Billed to deliver “the closest experience possible to a Formula 1 car,” the vehicle definitely has the looks to merit the F1 comparison. Whether it can come anywhere close to the performance of the pinnacle of auto-racing, though, is another matter, so we guess we’ll have to wait till people are actually driving (and, occasionally, crashing) it on their local speedway.
The Vandal One starts with a full carbon fiber monocoque chassis that’s decked in carbon fiber body panels, allowing it to tip the scales at a curb weight of just 1,224 pounds. Under the hood sits a 2.0-liter turbocharged four-cylinder Civic Type R engine that, ordinarily, puts out 306 horsepower. For the vehicle, though, they tuned it to increase the output to 340 horsepower in the standard model, with an upgrade package that can boost it to a whopping 560 horsepower (we have no idea what’s in that upgrade, but it must be something seriously potent). That’s, pretty much, a ratio of 1,000 horsepower per ton, which puts the vehicle in quite exclusive company, even among track-focused automobiles.
This version of the engine, by the way, will rev to 9,000 rpm despite using forced induction, so you can tell the engineers put in a lot of work to squeeze as much as they can out of the powerplant. All that power is sent through a Sadev six-speed sequential gearbox, with a paddle shift system and autoblipping.
The Vandal One uses an F1-style pushrod suspension on both the front and rear, complete with adjustable racing dampers, anti-roll bars, and customizable spring rates, while the car’s hydraulics can adjust the ground clearance anywhere from two to five inches above the road. It has 18×10-inch wheels out front and 18×12-inch wheels in the rear, as well as monoblock four-pot aluminum calipers on the brakes, which, according to the outfit, is capable of over 2Gs of braking force. There’s even a baked-in telemetry system courtesy of 12 sensors and a camera, allowing automatic real-time monitoring of vehicle data for the team watching the race from the pit lane.
The car’s carbon fiber bodywork, by the way, is completely independent of the chassis, complete with quick-latching and removable sections, so future aero upgrades can be easily made, allowing owners to evolve their vehicles over time.

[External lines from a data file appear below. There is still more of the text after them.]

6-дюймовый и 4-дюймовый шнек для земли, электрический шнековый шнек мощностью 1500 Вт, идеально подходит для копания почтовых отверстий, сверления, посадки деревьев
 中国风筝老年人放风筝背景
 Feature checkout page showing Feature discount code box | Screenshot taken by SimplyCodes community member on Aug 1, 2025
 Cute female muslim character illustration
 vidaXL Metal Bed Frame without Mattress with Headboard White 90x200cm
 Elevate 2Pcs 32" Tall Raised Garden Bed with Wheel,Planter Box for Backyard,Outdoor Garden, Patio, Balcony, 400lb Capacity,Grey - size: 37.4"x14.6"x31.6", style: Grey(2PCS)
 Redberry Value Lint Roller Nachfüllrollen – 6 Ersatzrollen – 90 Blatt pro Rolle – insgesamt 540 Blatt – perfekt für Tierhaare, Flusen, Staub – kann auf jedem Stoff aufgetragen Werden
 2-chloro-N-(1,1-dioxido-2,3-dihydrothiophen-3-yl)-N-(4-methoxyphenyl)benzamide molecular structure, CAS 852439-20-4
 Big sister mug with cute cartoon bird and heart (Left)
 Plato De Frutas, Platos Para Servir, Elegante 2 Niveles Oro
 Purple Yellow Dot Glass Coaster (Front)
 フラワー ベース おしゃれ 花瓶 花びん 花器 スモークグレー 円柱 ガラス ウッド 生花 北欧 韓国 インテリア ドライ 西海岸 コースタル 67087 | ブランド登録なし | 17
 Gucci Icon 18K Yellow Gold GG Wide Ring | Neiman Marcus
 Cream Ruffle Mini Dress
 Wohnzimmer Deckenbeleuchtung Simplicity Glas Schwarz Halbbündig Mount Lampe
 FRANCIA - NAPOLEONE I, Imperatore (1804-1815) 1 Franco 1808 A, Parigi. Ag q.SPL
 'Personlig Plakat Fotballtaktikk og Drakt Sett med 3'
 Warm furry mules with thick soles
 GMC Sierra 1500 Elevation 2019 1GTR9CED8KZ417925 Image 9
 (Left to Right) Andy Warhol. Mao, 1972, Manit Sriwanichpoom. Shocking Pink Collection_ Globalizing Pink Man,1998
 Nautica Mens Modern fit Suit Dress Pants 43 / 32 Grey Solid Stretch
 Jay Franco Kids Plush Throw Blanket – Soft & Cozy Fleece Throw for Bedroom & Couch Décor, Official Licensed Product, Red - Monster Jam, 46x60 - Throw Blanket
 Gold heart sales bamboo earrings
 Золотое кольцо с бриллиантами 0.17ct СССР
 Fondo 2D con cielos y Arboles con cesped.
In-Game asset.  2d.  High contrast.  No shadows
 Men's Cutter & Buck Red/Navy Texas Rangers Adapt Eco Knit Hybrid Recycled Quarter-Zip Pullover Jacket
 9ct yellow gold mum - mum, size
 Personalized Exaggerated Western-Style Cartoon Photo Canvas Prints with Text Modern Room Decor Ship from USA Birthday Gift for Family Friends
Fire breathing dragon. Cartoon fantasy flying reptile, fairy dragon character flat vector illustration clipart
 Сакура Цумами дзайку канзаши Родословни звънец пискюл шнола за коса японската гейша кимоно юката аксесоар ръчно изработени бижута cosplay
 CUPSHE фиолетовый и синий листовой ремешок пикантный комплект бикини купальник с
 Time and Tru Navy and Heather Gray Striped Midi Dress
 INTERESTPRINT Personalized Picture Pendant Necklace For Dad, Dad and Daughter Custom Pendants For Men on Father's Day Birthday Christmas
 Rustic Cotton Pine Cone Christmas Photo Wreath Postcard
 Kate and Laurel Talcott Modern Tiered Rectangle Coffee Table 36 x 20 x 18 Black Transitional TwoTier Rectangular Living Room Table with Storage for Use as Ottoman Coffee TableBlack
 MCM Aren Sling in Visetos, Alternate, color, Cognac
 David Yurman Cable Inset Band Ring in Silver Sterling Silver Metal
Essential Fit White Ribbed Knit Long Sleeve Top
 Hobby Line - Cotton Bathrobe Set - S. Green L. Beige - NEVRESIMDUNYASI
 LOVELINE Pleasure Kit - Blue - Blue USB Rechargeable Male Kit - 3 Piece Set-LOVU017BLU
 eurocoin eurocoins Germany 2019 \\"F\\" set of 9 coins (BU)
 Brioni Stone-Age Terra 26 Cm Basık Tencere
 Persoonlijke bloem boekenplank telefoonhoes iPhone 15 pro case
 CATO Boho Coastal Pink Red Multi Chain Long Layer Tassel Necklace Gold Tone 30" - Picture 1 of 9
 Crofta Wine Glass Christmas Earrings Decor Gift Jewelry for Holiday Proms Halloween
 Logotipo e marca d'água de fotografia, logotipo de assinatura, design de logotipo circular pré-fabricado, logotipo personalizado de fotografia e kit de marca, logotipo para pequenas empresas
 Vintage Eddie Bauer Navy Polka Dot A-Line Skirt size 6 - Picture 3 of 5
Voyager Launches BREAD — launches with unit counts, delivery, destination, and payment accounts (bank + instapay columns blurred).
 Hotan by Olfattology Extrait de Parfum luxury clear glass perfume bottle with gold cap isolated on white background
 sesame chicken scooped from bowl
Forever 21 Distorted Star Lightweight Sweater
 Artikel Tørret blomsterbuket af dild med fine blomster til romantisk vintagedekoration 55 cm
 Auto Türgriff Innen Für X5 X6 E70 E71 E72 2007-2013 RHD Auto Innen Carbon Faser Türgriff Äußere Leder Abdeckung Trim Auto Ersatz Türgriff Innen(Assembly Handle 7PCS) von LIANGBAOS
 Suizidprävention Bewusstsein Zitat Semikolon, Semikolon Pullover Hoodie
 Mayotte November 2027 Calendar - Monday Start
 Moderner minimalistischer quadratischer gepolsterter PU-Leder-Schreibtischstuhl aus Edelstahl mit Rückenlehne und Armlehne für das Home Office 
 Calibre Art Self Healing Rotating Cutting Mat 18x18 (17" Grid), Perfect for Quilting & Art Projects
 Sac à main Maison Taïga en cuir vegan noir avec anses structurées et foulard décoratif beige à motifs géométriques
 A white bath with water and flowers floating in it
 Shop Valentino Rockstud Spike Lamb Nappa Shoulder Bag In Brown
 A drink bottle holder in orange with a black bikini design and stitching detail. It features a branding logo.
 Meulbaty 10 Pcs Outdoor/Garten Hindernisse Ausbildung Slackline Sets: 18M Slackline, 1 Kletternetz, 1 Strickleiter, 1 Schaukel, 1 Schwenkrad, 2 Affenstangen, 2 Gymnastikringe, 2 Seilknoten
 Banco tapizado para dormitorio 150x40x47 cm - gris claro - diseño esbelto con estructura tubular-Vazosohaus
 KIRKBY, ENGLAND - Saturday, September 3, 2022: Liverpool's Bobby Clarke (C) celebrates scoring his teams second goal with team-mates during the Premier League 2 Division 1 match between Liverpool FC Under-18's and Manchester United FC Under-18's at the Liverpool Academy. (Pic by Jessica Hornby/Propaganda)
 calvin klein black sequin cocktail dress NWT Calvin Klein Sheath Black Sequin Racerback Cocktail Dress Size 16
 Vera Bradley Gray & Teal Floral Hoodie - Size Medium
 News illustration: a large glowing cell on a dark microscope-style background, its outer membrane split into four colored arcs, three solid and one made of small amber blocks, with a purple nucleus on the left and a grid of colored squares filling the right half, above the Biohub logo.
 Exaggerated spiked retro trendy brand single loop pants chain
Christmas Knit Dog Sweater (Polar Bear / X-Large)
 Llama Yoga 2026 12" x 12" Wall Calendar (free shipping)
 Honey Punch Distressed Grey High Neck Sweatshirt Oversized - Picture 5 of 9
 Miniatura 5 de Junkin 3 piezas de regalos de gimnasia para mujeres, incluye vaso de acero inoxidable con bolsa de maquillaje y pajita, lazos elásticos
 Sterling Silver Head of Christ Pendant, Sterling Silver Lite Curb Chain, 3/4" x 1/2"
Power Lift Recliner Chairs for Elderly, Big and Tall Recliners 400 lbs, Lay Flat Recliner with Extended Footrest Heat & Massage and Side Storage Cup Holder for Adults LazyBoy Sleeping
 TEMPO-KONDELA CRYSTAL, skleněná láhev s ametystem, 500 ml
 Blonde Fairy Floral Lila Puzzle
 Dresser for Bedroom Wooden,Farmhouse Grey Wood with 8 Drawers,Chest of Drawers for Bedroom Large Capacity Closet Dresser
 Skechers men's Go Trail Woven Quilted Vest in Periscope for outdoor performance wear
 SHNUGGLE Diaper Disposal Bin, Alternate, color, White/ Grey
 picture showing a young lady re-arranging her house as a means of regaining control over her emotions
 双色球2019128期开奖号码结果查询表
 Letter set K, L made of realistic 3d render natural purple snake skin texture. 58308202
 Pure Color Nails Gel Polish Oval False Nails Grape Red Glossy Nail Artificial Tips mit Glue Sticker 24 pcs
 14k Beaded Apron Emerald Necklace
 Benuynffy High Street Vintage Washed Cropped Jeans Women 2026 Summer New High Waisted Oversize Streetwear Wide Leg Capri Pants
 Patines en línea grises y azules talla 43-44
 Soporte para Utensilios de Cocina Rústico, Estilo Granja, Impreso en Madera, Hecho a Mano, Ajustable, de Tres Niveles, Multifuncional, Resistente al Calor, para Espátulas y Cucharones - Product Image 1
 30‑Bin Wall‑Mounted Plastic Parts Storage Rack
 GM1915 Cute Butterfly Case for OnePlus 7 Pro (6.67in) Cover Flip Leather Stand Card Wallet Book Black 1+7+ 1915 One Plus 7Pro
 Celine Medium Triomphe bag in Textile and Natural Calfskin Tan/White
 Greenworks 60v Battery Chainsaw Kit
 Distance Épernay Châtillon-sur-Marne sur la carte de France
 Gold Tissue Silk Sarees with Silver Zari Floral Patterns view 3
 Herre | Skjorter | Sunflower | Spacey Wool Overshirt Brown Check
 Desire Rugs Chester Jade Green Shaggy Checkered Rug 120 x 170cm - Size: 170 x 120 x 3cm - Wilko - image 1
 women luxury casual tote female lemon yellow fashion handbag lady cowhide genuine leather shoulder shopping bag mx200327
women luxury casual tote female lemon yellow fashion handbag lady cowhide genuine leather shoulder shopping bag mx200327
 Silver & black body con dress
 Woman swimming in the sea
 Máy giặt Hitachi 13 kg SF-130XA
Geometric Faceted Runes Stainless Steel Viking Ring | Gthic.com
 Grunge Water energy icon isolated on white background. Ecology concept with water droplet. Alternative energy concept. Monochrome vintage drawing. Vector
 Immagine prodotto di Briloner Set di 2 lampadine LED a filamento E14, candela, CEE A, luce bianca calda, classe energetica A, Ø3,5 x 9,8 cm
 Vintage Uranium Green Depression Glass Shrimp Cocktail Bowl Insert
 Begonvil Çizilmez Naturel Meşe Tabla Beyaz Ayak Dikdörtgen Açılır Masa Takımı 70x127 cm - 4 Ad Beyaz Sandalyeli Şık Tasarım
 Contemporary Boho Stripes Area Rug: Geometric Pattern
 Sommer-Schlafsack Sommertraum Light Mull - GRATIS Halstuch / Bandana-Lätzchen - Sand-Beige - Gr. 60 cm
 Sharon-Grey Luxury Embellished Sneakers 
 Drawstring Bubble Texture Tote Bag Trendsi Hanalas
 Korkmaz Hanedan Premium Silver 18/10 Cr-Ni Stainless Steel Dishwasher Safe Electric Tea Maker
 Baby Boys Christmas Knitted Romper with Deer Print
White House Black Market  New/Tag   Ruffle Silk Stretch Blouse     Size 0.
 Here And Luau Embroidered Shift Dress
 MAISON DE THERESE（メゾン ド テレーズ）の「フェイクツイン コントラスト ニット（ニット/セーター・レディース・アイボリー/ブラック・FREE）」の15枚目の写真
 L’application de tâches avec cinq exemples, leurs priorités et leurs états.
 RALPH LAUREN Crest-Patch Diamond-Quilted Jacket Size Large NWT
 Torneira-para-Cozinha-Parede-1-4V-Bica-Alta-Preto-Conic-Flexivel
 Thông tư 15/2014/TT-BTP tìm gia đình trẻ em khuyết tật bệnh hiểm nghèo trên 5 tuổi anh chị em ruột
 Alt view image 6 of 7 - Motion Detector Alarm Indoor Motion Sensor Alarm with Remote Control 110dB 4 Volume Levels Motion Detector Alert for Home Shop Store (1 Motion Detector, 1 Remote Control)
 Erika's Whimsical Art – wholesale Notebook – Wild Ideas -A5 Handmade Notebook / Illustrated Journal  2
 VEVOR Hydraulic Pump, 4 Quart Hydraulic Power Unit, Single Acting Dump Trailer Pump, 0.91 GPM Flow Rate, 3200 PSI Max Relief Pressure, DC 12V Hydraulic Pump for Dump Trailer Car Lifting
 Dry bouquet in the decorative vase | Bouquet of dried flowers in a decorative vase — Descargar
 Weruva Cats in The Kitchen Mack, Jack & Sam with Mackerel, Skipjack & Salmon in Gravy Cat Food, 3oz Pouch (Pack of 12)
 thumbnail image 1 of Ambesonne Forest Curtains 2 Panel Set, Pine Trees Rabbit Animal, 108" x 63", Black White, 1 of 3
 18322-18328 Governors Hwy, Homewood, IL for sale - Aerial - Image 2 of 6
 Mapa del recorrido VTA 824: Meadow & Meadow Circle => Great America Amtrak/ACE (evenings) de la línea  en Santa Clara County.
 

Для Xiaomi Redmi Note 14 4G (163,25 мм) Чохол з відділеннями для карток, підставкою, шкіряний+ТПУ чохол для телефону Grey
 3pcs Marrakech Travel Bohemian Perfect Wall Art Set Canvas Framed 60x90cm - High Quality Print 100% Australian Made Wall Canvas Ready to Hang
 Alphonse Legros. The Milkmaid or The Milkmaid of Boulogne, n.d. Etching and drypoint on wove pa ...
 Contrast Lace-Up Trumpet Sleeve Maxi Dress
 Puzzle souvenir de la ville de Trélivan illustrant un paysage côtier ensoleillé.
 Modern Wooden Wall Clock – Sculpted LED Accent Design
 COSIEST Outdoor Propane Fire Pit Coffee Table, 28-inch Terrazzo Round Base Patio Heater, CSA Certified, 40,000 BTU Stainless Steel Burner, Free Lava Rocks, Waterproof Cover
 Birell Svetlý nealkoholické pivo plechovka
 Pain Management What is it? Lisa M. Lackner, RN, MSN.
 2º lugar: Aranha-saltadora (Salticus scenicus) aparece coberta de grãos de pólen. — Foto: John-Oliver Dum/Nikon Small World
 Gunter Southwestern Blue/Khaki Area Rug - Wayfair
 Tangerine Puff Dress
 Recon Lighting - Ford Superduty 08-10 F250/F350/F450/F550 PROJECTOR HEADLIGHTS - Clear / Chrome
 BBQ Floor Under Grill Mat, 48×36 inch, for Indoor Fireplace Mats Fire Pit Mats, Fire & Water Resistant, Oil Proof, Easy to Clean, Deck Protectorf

Designed with safety in mind, the body has FIA-compliant crash structures on the front (crash box), rear (attenuator), and sides (zylon intrusion panels), as well as an FIA-spec survival cell with neck braces, so buyers won’t turn into wealthy dead race enthusiasts anytime soon.
The base model of the Vandal One will cost $119,700 when it ships later in the year, with no pricing announced yet for the 560-hp upgrade package and other options.